Pakaian-pakaian Korea bisa dibilang sebagai kiblat fashion para remaja Indonesia saat ini. Pakaian Korea yang dinamakan hanbok juga banyak digemari oleh para penggemar Kpop di Indonesia. Banyak yang sudah menjual hanbok di Indonesia karena peminat baju Korea tersebut sangat banyak. Ketika pakaian tradisional negeri lain banyak digemari oleh masyarakat, baju tradisional asli Indonesia bisa jadi akan kalah saing suatu saat nanti. Diberlakukannya aturan untuk memakai baju tradisional Indonesia setiap minggu di jenjang sekolah akan membantu untuk melestarikan budaya serta pakaian asli Indonesia. Rasa senang dan bangga melihat pakaian asli Indonesia yang beraneka ragam dan tidak kalah cantiknya dengan pakaian negeri orang akan timbul sedikit demi sedikit.

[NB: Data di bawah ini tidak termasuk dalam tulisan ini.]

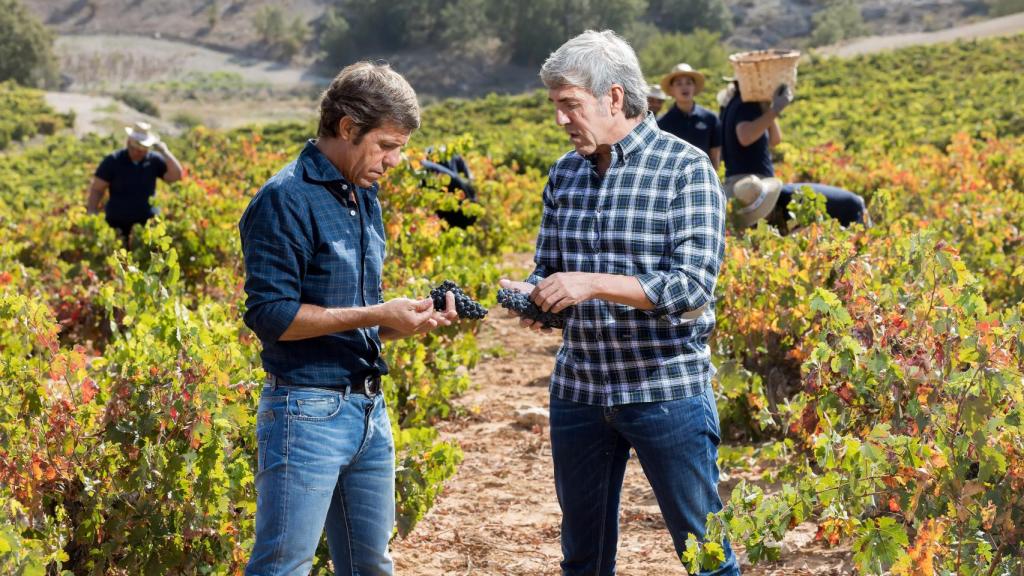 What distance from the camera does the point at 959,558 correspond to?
2.57m

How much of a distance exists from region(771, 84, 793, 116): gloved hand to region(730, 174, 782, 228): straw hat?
1.28 ft

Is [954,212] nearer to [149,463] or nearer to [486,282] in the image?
[486,282]

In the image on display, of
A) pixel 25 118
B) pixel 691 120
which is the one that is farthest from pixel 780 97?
pixel 25 118

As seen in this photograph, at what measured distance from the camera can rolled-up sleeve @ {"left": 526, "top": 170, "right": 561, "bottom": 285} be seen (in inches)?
113

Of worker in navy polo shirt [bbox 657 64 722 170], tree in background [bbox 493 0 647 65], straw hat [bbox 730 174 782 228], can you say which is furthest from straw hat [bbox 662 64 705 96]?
tree in background [bbox 493 0 647 65]

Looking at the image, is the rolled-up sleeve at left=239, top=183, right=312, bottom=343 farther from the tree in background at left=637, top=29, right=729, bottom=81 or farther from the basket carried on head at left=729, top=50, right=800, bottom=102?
the tree in background at left=637, top=29, right=729, bottom=81

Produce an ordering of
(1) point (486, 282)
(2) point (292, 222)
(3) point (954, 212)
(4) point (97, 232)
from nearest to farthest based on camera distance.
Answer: (2) point (292, 222), (1) point (486, 282), (3) point (954, 212), (4) point (97, 232)

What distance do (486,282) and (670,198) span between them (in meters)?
3.82

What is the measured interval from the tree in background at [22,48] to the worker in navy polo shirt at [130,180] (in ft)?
184

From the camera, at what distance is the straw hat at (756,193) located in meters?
6.27

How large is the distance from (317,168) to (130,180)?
19.0 feet

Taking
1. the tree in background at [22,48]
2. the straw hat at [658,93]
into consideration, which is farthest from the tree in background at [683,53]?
the straw hat at [658,93]

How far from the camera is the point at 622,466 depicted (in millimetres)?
2908

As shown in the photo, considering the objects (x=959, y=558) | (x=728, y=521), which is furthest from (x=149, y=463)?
(x=959, y=558) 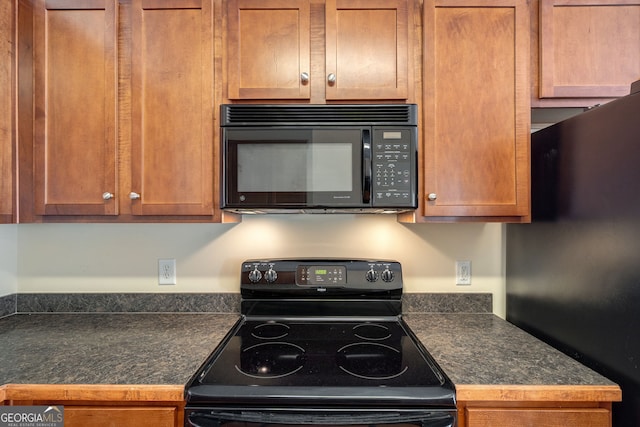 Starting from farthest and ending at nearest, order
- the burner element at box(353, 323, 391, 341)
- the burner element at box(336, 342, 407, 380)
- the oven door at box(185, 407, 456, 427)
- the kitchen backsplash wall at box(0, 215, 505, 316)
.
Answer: the kitchen backsplash wall at box(0, 215, 505, 316)
the burner element at box(353, 323, 391, 341)
the burner element at box(336, 342, 407, 380)
the oven door at box(185, 407, 456, 427)

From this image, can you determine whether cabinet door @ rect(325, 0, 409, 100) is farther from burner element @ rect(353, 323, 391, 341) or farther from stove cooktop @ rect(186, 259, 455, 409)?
burner element @ rect(353, 323, 391, 341)

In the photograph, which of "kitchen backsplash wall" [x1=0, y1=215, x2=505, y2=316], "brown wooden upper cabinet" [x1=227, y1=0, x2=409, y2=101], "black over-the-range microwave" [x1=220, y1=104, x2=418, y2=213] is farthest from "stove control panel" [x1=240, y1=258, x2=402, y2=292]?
"brown wooden upper cabinet" [x1=227, y1=0, x2=409, y2=101]

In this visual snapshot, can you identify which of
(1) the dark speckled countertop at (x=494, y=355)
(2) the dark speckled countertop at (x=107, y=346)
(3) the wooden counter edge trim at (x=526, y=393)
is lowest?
(3) the wooden counter edge trim at (x=526, y=393)

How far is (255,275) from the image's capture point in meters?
1.46

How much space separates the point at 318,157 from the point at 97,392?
968 mm

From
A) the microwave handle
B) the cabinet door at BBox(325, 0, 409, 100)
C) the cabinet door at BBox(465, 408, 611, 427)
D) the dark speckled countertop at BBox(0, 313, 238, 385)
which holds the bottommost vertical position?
the cabinet door at BBox(465, 408, 611, 427)

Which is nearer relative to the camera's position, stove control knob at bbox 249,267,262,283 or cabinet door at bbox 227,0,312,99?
cabinet door at bbox 227,0,312,99

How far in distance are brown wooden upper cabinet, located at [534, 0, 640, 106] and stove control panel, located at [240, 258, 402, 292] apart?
0.94 metres

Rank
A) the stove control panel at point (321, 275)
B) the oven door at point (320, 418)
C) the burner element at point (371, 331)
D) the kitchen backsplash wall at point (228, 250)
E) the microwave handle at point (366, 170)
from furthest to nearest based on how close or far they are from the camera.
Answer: the kitchen backsplash wall at point (228, 250), the stove control panel at point (321, 275), the burner element at point (371, 331), the microwave handle at point (366, 170), the oven door at point (320, 418)

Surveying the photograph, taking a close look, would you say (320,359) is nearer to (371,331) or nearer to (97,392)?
(371,331)

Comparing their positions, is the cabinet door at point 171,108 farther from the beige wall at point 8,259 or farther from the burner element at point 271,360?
the beige wall at point 8,259

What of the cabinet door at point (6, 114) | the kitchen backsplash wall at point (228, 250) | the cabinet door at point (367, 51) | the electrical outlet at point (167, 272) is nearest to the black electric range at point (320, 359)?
the kitchen backsplash wall at point (228, 250)

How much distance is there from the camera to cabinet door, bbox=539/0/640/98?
122 cm

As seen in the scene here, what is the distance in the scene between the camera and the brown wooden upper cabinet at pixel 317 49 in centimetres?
122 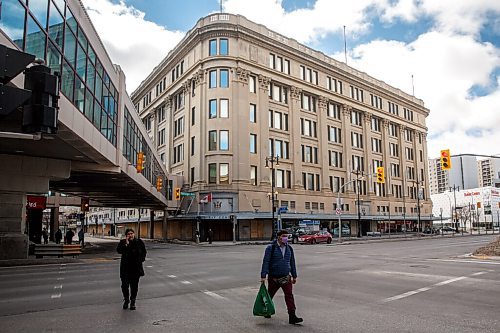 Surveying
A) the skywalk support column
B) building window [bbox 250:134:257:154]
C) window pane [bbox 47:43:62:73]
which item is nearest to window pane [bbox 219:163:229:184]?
building window [bbox 250:134:257:154]

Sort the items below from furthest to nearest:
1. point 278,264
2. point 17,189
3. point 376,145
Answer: point 376,145 → point 17,189 → point 278,264

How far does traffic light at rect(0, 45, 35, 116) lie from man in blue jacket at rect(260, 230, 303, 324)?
4.59 m

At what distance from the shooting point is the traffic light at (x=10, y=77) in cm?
500

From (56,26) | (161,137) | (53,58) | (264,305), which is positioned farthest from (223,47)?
(264,305)

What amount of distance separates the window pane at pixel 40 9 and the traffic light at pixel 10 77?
8629mm

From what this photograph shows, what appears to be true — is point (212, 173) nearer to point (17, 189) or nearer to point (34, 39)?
point (17, 189)

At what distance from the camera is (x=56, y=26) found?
15.1m

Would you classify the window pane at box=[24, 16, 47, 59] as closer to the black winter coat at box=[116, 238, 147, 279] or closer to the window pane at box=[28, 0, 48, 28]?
the window pane at box=[28, 0, 48, 28]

Selain pakaian dan musik, tidak banyak yang tahu bermacam-macam tarian yang ada di Indonesia. Mereka akan lebih mengenal dance dari grup BTS, Red velvet, atau twice dibandingkan tarian dari Indonesia. Hal ini sangat disayangkan mengingat budaya Indonesia sangat kaya namun tidak dilestarikan oleh para generasi penerus bangsa. Pertunjukan tari biasanya hanya ada di acara penting, festival, atau pagelaran budaya. Akan menarik jika pelajaran tari daerah diterapkan di mata pelajaran seni budaya di jenjang sekolah. Penerapannya tidak hanya sekedar memasukkan teori, tapi praktik di lapangan berupa pembelajaran tari daerah masing-masing. Dengan cara itu setidaknya para murid akan mengenal tarian yang ada di daerah masing-masing.

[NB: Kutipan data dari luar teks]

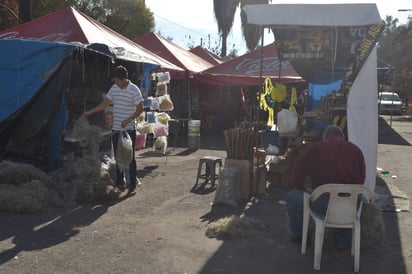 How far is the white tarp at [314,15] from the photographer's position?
264 inches

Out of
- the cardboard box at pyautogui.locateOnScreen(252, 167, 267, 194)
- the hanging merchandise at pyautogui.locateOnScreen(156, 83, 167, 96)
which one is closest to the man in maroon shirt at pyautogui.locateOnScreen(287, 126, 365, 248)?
the cardboard box at pyautogui.locateOnScreen(252, 167, 267, 194)

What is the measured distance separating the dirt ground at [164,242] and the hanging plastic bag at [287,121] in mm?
1347

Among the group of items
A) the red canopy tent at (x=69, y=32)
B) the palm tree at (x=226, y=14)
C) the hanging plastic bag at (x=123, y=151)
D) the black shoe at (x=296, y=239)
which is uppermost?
the palm tree at (x=226, y=14)

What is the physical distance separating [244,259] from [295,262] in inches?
20.0

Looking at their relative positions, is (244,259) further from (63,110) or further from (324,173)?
(63,110)

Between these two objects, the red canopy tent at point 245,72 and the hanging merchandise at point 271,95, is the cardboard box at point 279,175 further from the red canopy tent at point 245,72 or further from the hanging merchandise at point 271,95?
the red canopy tent at point 245,72

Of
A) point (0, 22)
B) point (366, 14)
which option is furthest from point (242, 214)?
point (0, 22)

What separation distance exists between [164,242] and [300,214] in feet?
4.96

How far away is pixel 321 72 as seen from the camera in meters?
9.55

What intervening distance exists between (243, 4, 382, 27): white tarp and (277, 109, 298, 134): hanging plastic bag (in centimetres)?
186

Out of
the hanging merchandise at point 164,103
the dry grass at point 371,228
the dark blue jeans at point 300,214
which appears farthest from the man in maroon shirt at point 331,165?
the hanging merchandise at point 164,103

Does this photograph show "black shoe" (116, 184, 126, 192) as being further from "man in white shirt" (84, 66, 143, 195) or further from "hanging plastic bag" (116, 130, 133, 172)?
"man in white shirt" (84, 66, 143, 195)

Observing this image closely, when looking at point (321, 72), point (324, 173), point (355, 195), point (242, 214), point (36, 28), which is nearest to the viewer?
point (355, 195)

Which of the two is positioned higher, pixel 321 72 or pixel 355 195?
pixel 321 72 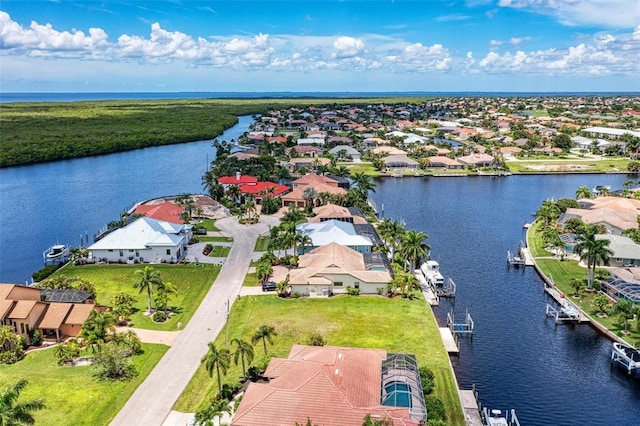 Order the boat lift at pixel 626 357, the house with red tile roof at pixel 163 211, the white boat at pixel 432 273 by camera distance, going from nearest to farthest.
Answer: the boat lift at pixel 626 357, the white boat at pixel 432 273, the house with red tile roof at pixel 163 211

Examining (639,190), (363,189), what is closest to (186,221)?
(363,189)

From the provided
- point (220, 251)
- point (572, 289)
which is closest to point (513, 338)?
point (572, 289)

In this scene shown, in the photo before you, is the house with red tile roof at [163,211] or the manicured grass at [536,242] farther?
the house with red tile roof at [163,211]

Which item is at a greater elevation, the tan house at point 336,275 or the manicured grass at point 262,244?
the tan house at point 336,275

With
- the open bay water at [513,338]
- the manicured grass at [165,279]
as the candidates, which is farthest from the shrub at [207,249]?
the open bay water at [513,338]

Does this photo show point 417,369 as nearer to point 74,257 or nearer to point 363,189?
point 74,257

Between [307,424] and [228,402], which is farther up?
[307,424]

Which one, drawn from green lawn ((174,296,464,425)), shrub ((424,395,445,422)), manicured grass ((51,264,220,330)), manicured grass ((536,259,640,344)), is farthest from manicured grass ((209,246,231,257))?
manicured grass ((536,259,640,344))

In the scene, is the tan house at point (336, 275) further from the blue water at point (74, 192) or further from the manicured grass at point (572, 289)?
the blue water at point (74, 192) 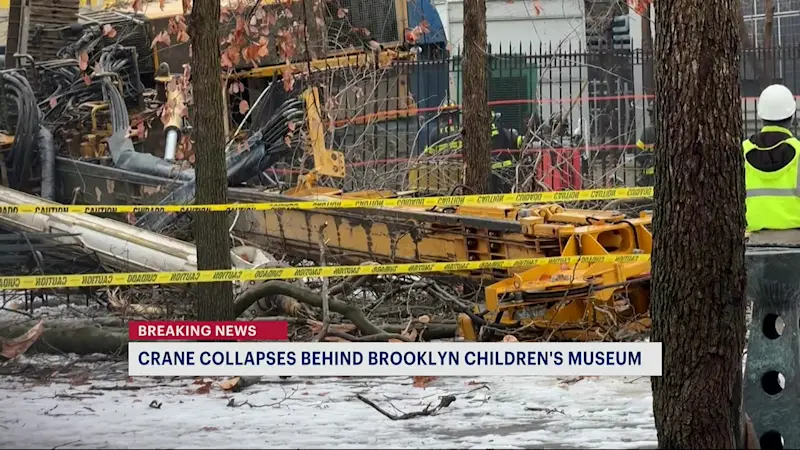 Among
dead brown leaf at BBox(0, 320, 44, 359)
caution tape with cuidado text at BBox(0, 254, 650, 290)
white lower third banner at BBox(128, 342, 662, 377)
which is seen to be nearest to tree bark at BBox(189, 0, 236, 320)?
caution tape with cuidado text at BBox(0, 254, 650, 290)

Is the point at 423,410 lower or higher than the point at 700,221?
lower

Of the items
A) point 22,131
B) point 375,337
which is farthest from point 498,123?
point 375,337

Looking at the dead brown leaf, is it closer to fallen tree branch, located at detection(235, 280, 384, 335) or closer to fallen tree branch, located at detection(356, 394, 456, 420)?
fallen tree branch, located at detection(235, 280, 384, 335)

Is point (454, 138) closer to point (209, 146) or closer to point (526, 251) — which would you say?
point (526, 251)

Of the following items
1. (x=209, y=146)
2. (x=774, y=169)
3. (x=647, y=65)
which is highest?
(x=647, y=65)


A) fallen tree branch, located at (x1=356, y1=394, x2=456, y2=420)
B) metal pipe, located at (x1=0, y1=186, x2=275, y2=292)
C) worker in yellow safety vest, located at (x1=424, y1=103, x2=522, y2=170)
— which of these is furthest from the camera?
worker in yellow safety vest, located at (x1=424, y1=103, x2=522, y2=170)

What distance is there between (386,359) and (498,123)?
39.5 ft

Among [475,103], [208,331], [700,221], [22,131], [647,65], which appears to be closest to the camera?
[700,221]

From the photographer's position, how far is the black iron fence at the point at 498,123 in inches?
523

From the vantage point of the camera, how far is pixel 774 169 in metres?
6.00

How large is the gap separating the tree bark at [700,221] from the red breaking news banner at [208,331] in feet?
12.1

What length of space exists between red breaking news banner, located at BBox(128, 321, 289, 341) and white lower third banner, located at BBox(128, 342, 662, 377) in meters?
1.39

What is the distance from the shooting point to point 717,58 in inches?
182

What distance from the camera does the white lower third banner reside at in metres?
5.80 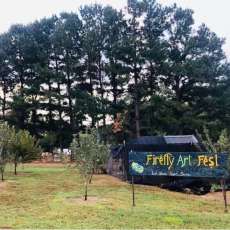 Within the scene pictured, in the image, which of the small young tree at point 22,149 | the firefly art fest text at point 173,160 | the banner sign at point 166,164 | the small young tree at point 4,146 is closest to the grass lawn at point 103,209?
the banner sign at point 166,164

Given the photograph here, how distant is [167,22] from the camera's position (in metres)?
44.6

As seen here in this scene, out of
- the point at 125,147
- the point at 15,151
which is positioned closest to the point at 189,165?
the point at 125,147

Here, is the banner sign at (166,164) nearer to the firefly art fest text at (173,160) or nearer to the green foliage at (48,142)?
the firefly art fest text at (173,160)

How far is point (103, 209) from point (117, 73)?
98.9 feet

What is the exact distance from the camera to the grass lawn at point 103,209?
11.6 m

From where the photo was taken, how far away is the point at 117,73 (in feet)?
141

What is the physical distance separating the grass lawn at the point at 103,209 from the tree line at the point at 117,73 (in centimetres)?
2231

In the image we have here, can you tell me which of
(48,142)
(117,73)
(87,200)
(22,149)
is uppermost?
(117,73)

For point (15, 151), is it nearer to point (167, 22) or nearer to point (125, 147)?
point (125, 147)

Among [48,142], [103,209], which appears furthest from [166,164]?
[48,142]

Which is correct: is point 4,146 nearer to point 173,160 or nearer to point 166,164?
point 166,164

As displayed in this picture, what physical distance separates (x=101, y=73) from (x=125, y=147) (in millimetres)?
22673

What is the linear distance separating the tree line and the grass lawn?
22307 millimetres

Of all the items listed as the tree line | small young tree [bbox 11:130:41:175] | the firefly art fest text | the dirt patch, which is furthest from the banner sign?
the tree line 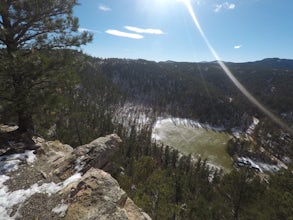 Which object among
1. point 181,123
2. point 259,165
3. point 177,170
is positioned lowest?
point 259,165

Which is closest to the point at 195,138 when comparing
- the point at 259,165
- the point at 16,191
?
the point at 259,165

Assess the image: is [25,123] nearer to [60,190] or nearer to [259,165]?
[60,190]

Lantas apakah suatu saat nanti budaya kita akan benar-benar tenggelam oleh budaya-budaya baru yang akan masuk karna globalisasi nantinya? Kemungkinan terburuk akan selalu ada, tetapi tugas kita sebagai para penerus yang akan memimpin bangsa di kemudian hari adalah mencegah agar hal-hal yang tidak diinginkan terjadi. Menyaring baik dan buruk suatu budaya yang masuk melalui arus globalisasi merupakan sebuah keharusan, karena tidak semua budaya yang masuk ke Indonesia akan cocok dengan budaya maupun norma yang berlaku di negara ini. Tidak ada salahnya untuk menyukai budaya negara lain, tapi selalu ingatlah untuk pulang ke budaya asli yang akan lebih cocok dengan jati diri kita sebagai bangsa Indonesia.